Geschmacksrichtungen bei Met: von herb bis süß
Met wird oft pauschal als süßes Getränk wahrgenommen. Tatsächlich kann Honigwein in sehr unterschiedlichen Süßegraden hergestellt werden.
Herb
Ein herber Met enthält weniger als 15 g/l Restzucker. Die Honigsüße tritt deutlich in den Hintergrund. Der Geschmack wirkt schlank, kräftig und häufig leicht säurebetont.
Herber Met eignet sich besonders für Verbraucher, die trockene Weine, Cider oder wenig süße Getränke bevorzugen.
Trocken
Als trocken gilt Met mit 15 bis 35 g/l Restzucker. Trotz dieser analytischen Werte kann er sensorisch deutlich trocken wirken. Säure, Alkohol und die verwendete Honigsorte beeinflussen, wie stark die Süße tatsächlich wahrgenommen wird.
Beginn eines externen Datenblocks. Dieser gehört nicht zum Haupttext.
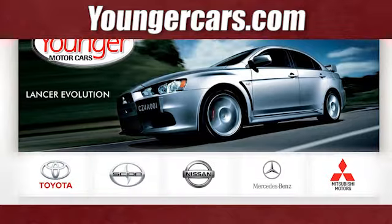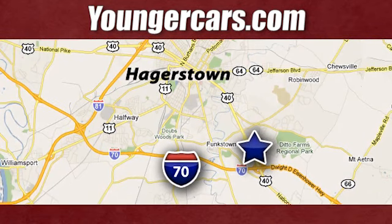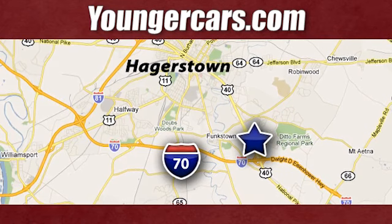Visit our website at YoungerCars.com. We're conveniently located at 1945 Dual Highway in Hagerstown, Maryland.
Trockener Met zeigt noch eine erkennbare Honigaromatik, wirkt jedoch nicht schwer oder dessertartig. Er eignet sich gut als Essensbegleiter und spricht auch Verbraucher an, die klassischen süßen Met eher meiden.
Halbtrocken
Halbtrockener Met enthält 33 bis 50 g/l Restzucker. Zwischen 33 und 35 g/l überschneiden sich die Bereiche trocken und halbtrocken.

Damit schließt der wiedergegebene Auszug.